YOUR TASK: A copy is needed of each line in the records that has the word "molding".
____ INPUT FOR THIS TASK
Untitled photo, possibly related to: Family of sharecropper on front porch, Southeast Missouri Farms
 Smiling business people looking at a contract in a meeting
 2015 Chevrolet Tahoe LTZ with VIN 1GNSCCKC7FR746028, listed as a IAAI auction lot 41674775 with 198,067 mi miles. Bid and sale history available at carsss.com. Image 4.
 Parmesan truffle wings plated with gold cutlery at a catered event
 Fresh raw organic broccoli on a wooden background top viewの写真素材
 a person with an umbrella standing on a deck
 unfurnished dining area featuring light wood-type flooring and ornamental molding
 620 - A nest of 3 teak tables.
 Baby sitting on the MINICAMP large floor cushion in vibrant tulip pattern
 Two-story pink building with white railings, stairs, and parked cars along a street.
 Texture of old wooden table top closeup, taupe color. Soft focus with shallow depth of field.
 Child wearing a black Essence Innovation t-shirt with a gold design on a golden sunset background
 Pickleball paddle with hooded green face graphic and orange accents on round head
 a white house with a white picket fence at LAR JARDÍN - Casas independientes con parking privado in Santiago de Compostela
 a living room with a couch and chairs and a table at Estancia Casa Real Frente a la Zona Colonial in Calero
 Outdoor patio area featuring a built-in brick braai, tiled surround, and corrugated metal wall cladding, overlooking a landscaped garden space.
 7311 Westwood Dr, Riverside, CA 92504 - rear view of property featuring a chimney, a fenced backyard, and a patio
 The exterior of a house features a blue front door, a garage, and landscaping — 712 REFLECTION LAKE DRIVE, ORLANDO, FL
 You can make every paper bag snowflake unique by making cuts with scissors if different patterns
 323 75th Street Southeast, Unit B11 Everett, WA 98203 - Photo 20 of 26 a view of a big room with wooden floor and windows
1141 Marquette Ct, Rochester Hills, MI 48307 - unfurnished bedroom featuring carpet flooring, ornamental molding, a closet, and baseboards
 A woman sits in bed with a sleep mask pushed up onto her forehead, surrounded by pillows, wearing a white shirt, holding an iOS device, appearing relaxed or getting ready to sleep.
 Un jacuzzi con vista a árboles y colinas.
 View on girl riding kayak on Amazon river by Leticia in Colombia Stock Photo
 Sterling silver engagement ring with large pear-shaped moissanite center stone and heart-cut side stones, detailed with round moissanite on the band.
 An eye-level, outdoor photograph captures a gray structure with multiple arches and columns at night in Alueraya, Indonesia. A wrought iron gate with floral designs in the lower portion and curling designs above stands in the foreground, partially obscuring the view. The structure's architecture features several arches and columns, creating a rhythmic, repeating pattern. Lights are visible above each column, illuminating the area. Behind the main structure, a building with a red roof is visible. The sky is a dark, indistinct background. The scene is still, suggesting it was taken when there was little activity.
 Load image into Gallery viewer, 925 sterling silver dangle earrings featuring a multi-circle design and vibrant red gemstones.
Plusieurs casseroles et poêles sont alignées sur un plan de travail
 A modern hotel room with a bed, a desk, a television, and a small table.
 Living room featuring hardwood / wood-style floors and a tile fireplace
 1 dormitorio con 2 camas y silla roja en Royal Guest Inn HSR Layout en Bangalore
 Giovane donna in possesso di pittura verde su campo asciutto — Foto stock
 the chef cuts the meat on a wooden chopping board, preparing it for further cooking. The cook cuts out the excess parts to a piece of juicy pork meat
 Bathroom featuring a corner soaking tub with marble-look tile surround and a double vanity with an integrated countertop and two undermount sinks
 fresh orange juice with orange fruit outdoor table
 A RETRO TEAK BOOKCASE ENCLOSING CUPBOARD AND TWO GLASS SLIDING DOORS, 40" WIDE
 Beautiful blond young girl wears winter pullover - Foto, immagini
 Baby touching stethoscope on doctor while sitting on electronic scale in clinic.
________
RESPONSE TO THIS EXERCISE:
 unfurnished dining area featuring light wood-type flooring and ornamental molding
1141 Marquette Ct, Rochester Hills, MI 48307 - unfurnished bedroom featuring carpet flooring, ornamental molding, a closet, and baseboards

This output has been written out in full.